───── RECORDS FOR THE EXERCISE

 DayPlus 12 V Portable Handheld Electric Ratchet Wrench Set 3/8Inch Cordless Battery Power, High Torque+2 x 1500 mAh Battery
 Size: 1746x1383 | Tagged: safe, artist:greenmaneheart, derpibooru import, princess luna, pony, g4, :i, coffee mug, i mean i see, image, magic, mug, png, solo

──────────
───── RECORDS FOR THE EXERCISE

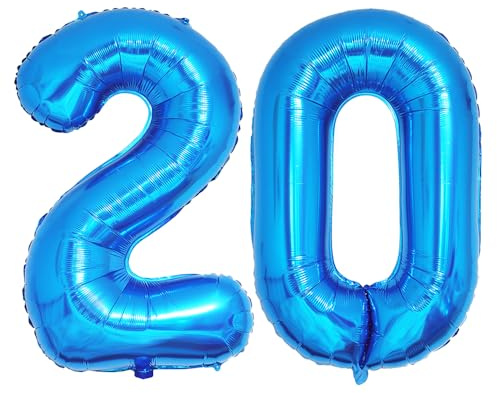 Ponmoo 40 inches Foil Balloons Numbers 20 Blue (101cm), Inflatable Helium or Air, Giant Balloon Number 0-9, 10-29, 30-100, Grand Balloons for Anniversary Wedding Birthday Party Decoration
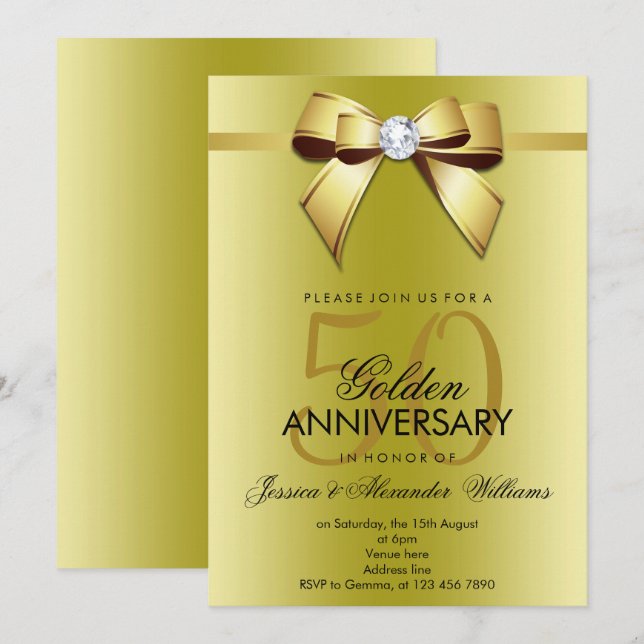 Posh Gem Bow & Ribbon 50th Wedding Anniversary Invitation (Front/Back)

──────────
───── RECORDS FOR THE EXERCISE

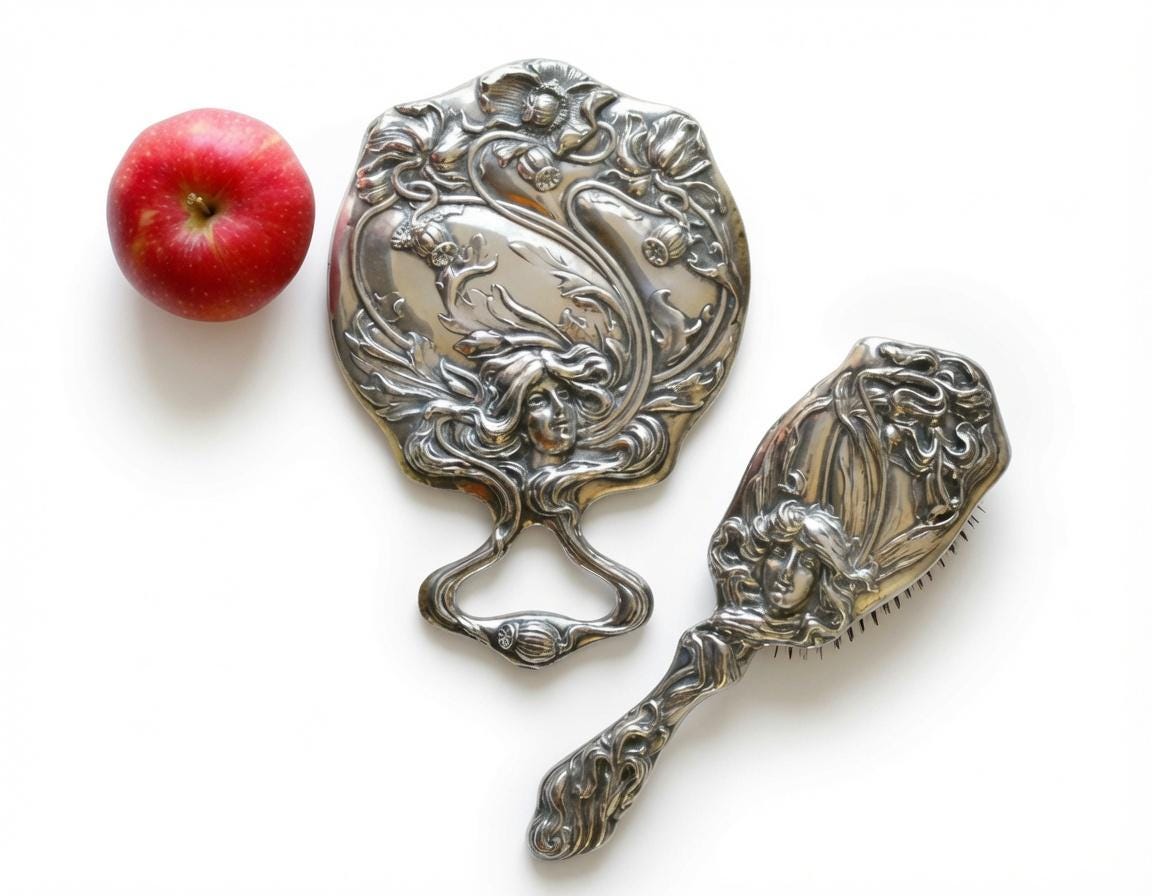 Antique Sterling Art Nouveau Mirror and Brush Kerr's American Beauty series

──────────

AIM OF THE TASK:
Copy out each line of the data above, exactly, if it lies between the line holding "DayPlus 12 V" and the line holding "Size: 1746x1383 |", inclusive; copy no other line.

ANSWER TO THIS EXERCISE:
 DayPlus 12 V Portable Handheld Electric Ratchet Wrench Set 3/8Inch Cordless Battery Power, High Torque+2 x 1500 mAh Battery
 Size: 1746x1383 | Tagged: safe, artist:greenmaneheart, derpibooru import, princess luna, pony, g4, :i, coffee mug, i mean i see, image, magic, mug, png, solo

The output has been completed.